Damit es beim Feiern nicht zu verunreinigenden Flecken kommt, wurde dem Quartett eine hellgraue Decke untergelegt.
Die drei kleineren Puppen, eindeutig als Jungen identifizierbar, verfügen über Gliedmaßen. Der Große ganz links, Typ alleinerziehender Vater, trägt eine neongrüne, ehemals technotaugliche Windjacke und schlecht gefärbte, schwarze Haare. Er hat weder Unterleib noch Beine und Arme. Vermutlich eine Folge hemmungslosen Sektkonsums.
Man hat es aufgrund meiner Beschreibung garantiert längst erraten: Die Anbieter haben sich auf Erste Hilfe-Partys spezialisiert und üben Notfallsituationen mit Gästen.

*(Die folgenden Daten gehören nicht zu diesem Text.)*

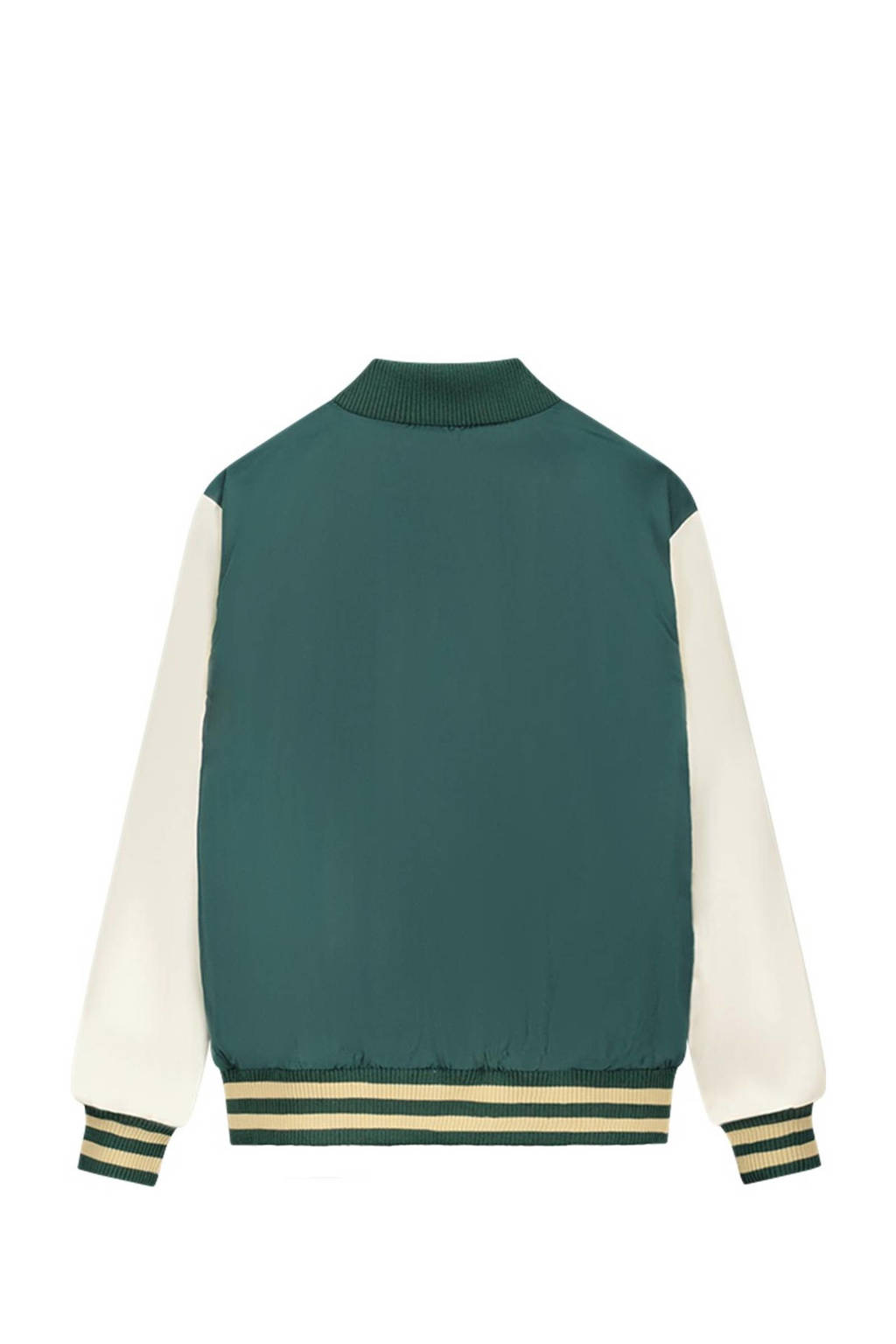 Moodstreet baseball jacket groen/offwhite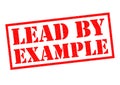 LEADY BY EXAMPLE Royalty Free Stock Photo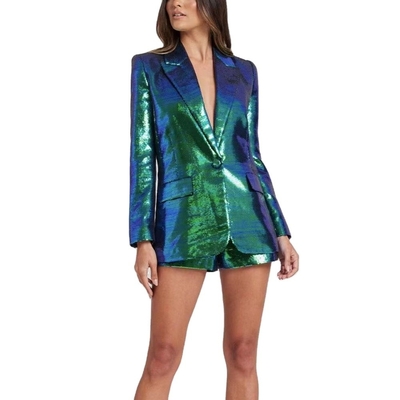 Spring Season SR2221 Shiny and Sexy Sequin Dress Set for Women's Party Night Disco Outfit in Polyester Material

Wir erinnern uns an die Reanimation Erster Hilfe-Puppen zugunsten des Führerscheins. Das war doch der Übermut in Tüten!
Und Identisches gibt es nun endlich auch für ganz privat.
Kann es ein ausgelasseneres Partyspiel geben als zu den dröhnenden Disco-Beats von Don’t Leave Me This Way Brustkörbe freizulegen und hundert Mal pro Minute kräftig zuzudrücken? Von den zugehaltenen Nasen bei der Mund-zu-Mund-Beatmung will ich gar nicht erst anfangen, bevor die 300 ml-Plastikdose eingetroffen ist.
Natürlich habe ich sofort gebucht, und siehe da, auch hier heißt es: „Sie als Gastgeber erhalten ein kleines Geschenk.“ Grandios!
Ich nehme die stabile Seitenlage mit Sekt und Sänger.